Por Rec Haddock
Tenho
um amigo que é artista. Ele é mais velho que qualquer pessoa que você conheça.
Ele costuma dizer que viu a luz antes de existir horizonte, e que quando
atravessou o horizonte pela primeira vez, a luz ainda não existia. “Vi a
Criação”, ele diz “e vi o que ainda está por ser criado”.
Eu,
Rec Haddock, vi que ele é um filho da puta pretensioso e, ainda assim, não
consigo resistir a ele. Sempre que tomamos uma limonada rosa juntos, eu fecho
os olhos e ouço.
“O
problema é que acham que Arte é expressão. Os Egípcios sabiam melhor. Existiam
padrões que deviam ser respeitados e ponto. O bom artista era o que copiava a
tradição com perfeição. Não havia escolha, e se não há escolha, não há
expressão. Os egípcios eram menos artistas?”
Não
acredito que fossem...
“Agora.
Caravaggio, Gainsborough. Esses loucos que abdicaram por completo da tradição
pavimentaram o caminho da individualidade na Arte. Com a Revolução Industrial
veio a possibilidade de pintar-se o tema que se quisesse. Pois bem. O que se
ganhou com isso?”
Quadrinhos
de lulas e japonesas transando, suponho.
“Pela
primeira vez nós artistas não pintávamos sob encomenda. Tínhamos que pintar o
que quiséssemos, da forma que quiséssemos, no estilo que nos fosse apropriado.

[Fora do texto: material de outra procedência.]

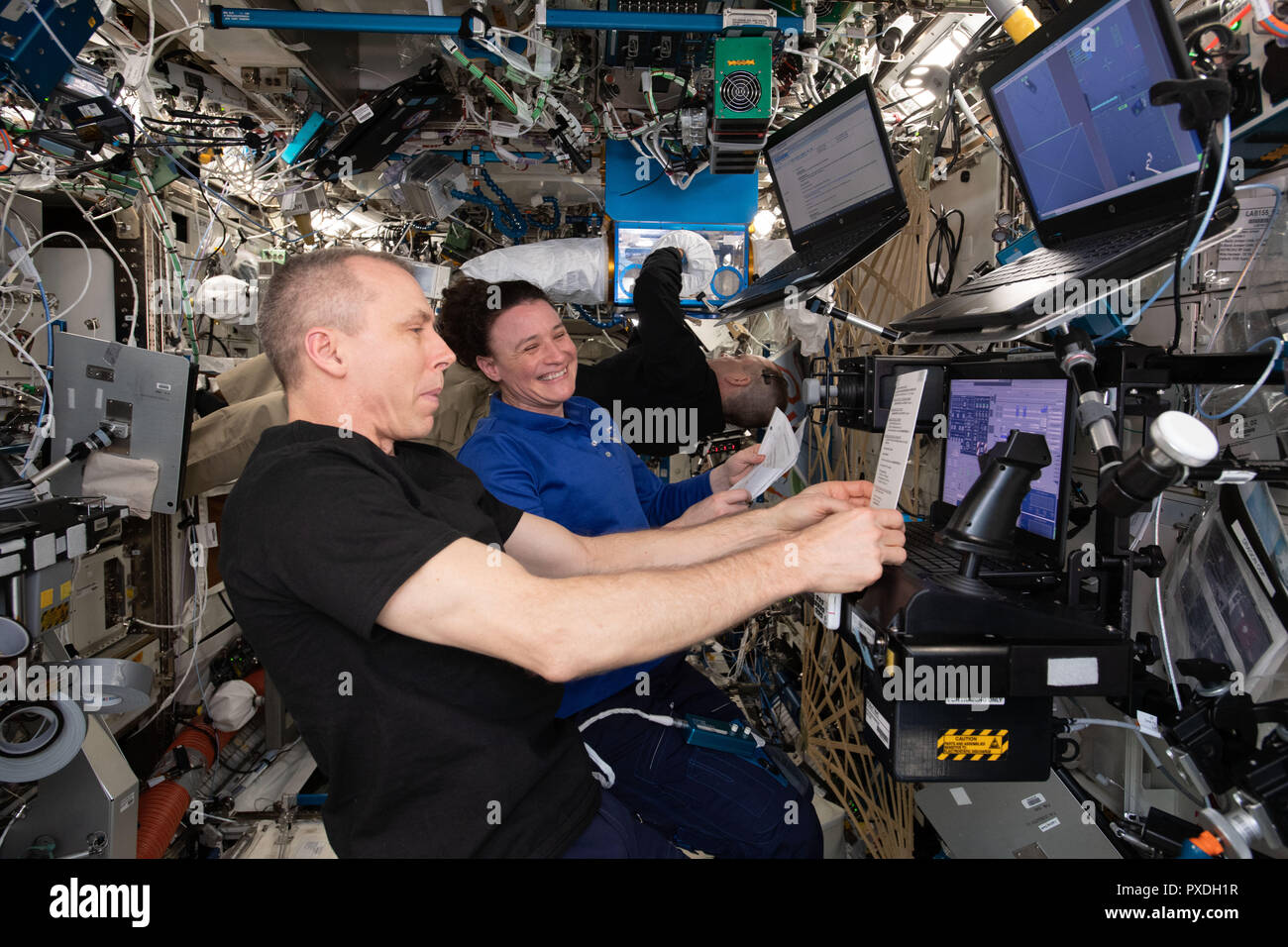 NASA astronauts Drew Feustel and Serena Aunon-Chancellor train on a computer in the U.S. Destiny laboratory practicing rendezvous procedures and robotics maneuvers ahead of the arrival of Japan's HTV-7 resupply ship September 6, 2018 in Earth Orbit. Stock Photo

De certo modo, este afastamento das vontades de público e de artistas causou o
maior sofrimento da profissão nos dias de hoje: ou bem o artista produz o que
quer e corre o risco de morrer de fome por não conseguir vender as suas obras;
ou bem faz concessões ao gosto do cliente e perde o respeito próprio. “Muitos
caíram na armadilha de acreditar que eram gênios porque não vendiam suas obras,
quando na verdade não vendiam suas obras porque eram medíocres. Esta ‘arte de
expressão’ que nos rege, hoje, premia a individualidade do artista original. Existe,
no entanto, uma corja que se diz artista, se pretende original, e nem ao menos
compreende a própria individualidade.”
Se
eu produzir, então, uma cópia fiel da Mona Lisa, serei um grande artista?
“Depende
do que é a Arte para você, Rec. Se para você Arte é o Novo, não. Se é o Belo,
sim. A Arte não é uma só. O importante é que você entenda que o único que pode
determinar o que é Arte e o que não é arte, sou eu, porque eu sou a arte. Eu
farei com que alguns sejam lembrados e outros não. Eu farei com que obras
fiquem e obras sumam. Eu farei e destruirei reputações. Sou incansável.
Interminável. Indissolúvel. Incompreensível. Inexorável.”
Como
sempre, tentei compreender. Quando abri os olhos, ele não estava mais lá. Não
tinha reparado o quão rápido o Tempo havia passado.